-- Data records --
----

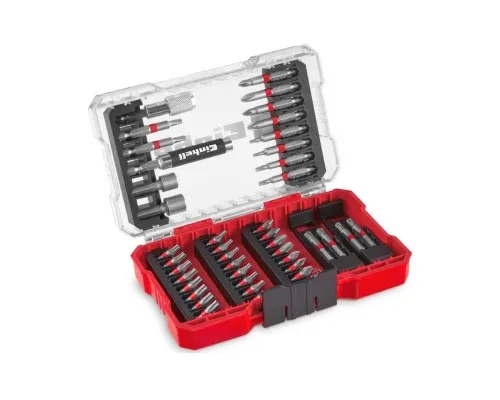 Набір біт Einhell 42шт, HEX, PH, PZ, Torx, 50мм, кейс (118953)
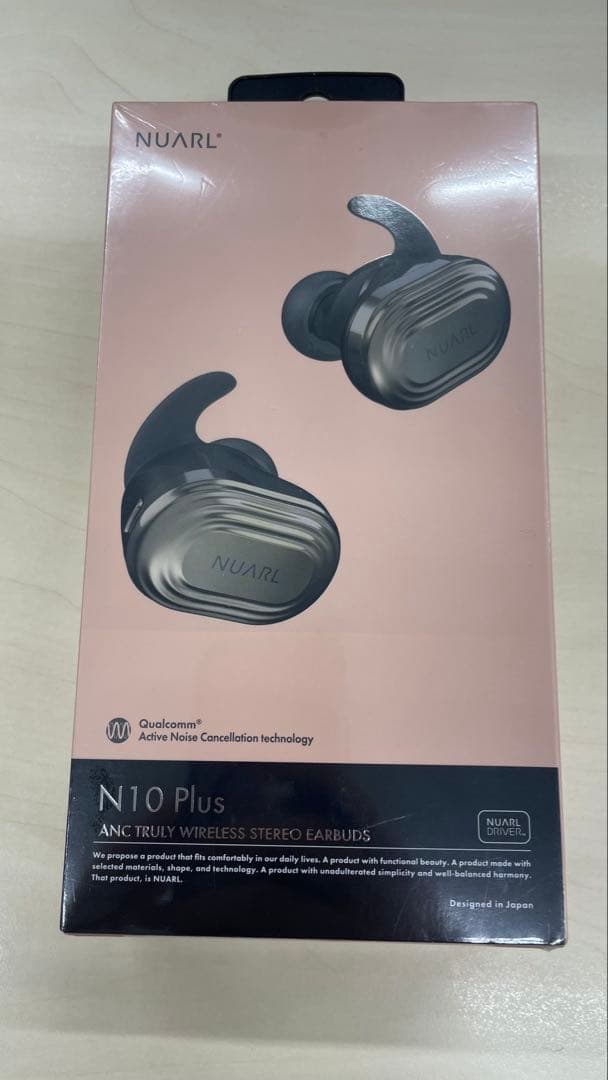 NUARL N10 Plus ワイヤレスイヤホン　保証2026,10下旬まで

----

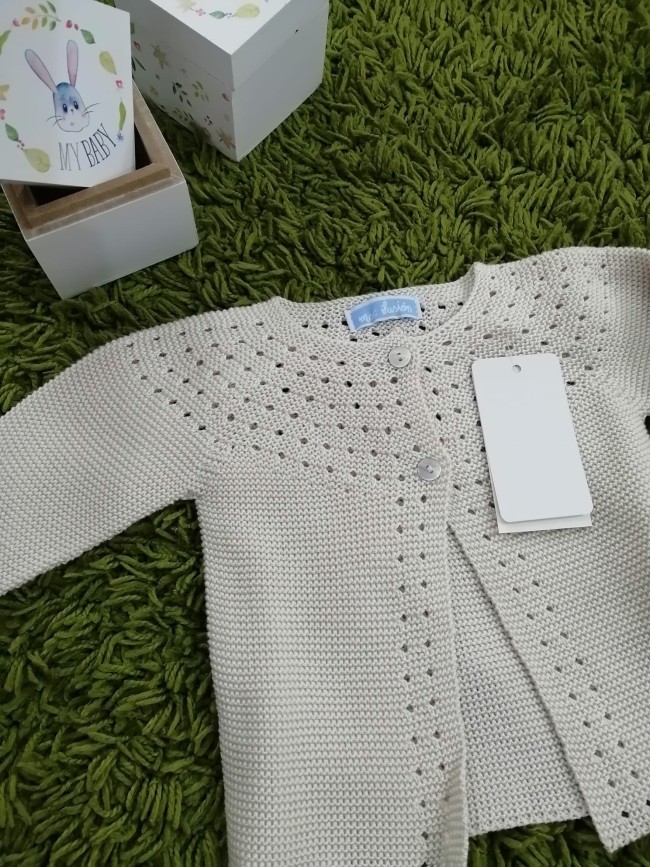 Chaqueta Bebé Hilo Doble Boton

----

-- Activity --
From the records above, transcribe only the stretch from the line with "Набір біт Einhell" through the line with "NUARL N10 Plus ワイヤレスイヤホン　保証2026,10下旬まで", keeping both ends. Omit pictures.

-- Result for this task --
 Набір біт Einhell 42шт, HEX, PH, PZ, Torx, 50мм, кейс (118953)
 NUARL N10 Plus ワイヤレスイヤホン　保証2026,10下旬まで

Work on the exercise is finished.